Public-private financing for transportation, energy and water infrastructure projects in emerging economies rose 6% last year, to $107.5 billion, the World Bank has reported.
But last year's total is down from 2012's level of $140.4 billion, in constant 2014 dollars.
The bank’s latest update of its Private Participation in Infrastructure database, released on June 9, shows that, for 2014, Brazil ranked first among 139 “low-and middle-income” countries, with $44.2 billion. The country is preparing to host the 2016 Summer Olympics.
Brazil’s 2014 total jumped 80% from the previous year’s level, sparked by four of the five largest projects in the Latin American-Caribbean region.
The biggest project is $10.5 billion for the Rio de Janeiro airport, whose control was transferred to a concessionaire last year. The amount includes an $8-billion payment to the government, according to the bank.
Other large Brazilian projects are a $3.8-billion Sao Paulo Metro transit line and two toll roads, totaling $6.4 billion.
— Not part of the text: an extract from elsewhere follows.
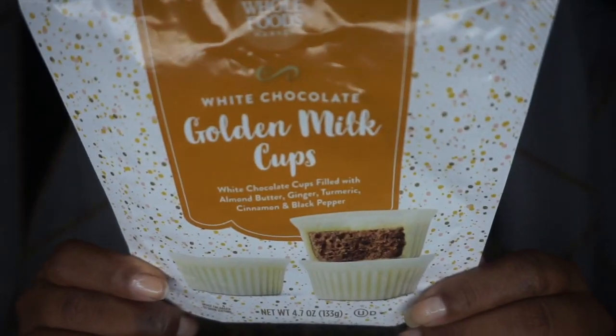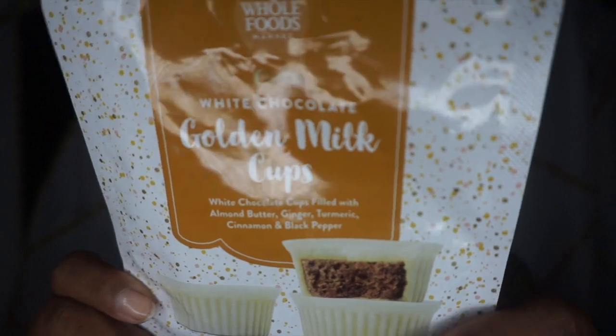The White Chocolate Golden Milk Cups. So they look like that. That's a little close picture of the inside and they're made with white chocolate on the outside, but they're filled with almond butter, ginger, turmeric, cinnamon, and black pepper.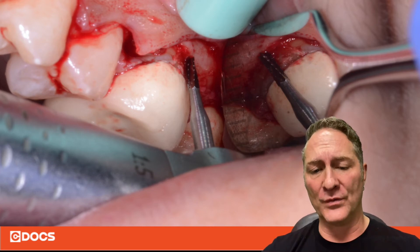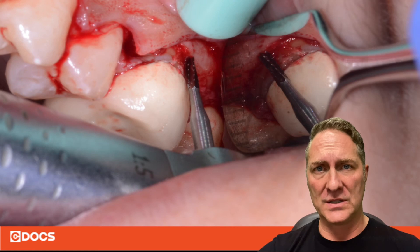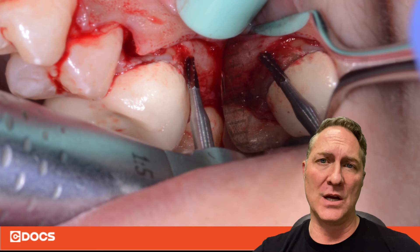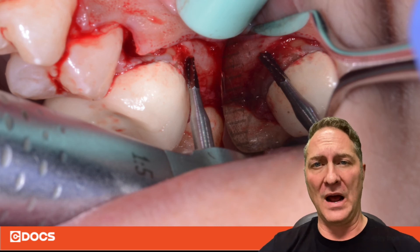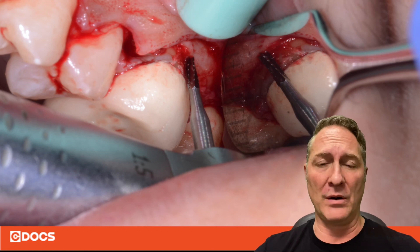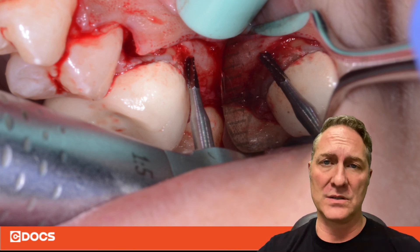If you can't get, or don't feel comfortable getting, complete sectioning, the other advantage to having that furcation exposed is when you go to place your elevators in. Instead of placing it in the coronal structures and trying to lever, actually drive it down into that furcation. That way, all of your force is going apically into the furcation of the root instead of up onto the coronal structures, and you'll be less likely to have the coronal structures break off, leaving you with a root tip — a root piece that you now have to get without anything to grab hold of. So it gives you a better purchasing point as well once you've exposed that furcation to get your elevator in there to then separate that root.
Following Brazil were Turkey, Peru, Colombia and India with a combined $34 billion in public-private infrastructure financing, said Clive Harris, the bank’s practice manager for public-private investments.
Besides Brazil, other countries that recorded increases include Peru and Colombia. China, Turkey and India were among those posting investment declines.
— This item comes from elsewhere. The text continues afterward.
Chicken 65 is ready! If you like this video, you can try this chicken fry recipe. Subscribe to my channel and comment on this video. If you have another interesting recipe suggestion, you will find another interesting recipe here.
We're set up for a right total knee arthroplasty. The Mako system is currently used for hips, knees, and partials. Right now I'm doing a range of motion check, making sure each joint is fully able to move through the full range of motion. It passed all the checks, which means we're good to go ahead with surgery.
The Sub-Saharan Africa region saw investment plunge 72% last year, to $2.6 billion, which the bank said is due to a falloff in energy-project volume.
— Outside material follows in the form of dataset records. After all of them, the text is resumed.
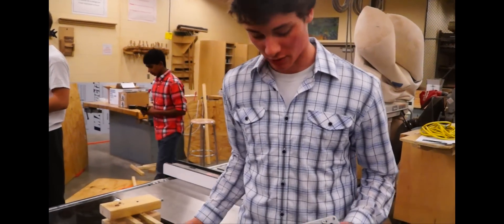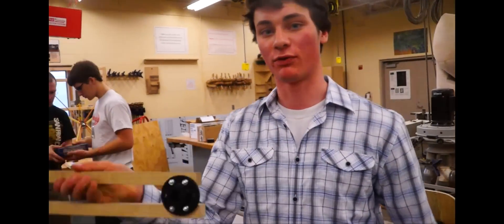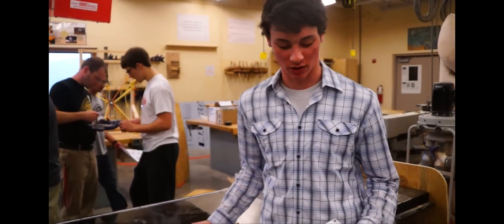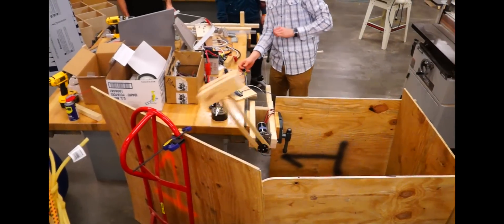Now it's getting really complicated. This is basically just a kicking arm, and it speeds up before it hits the ball, so the momentum of the block at the end is what does the work. This dual-sit motor drives the kicking arm.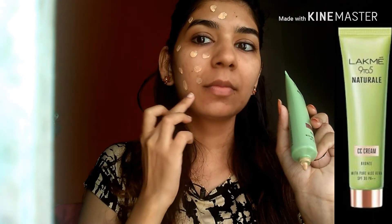I will use the Lakme 9 to 5 aloe vera gel primer. Just tap it on your skin — it has a gel consistency — and then apply it on the face. Massage it all over your skin; it has a soothing effect. It also has a fragrance. Apply it all over your skin and let it absorb for about one minute.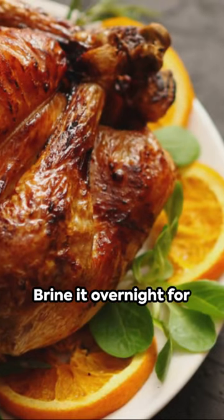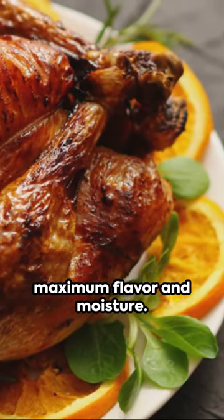Start with a 12 pound turkey and brine it overnight for maximum flavor and moisture. Preheat your oven to 350 degrees.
Transportation led the sectors in the volume of investment, with $55.3 billion last year. That included $28.5 billion for 33 road projects. Brazil had four of the top five road projects.
Airports accounted for the second-largest share of the transport sector, with $13.2 billion for five projects, led by the Rio de Janeiro transaction.
The bank defines “investment” as commitments at the time of financial closings. The energy sector excludes oil and gas exploration projects.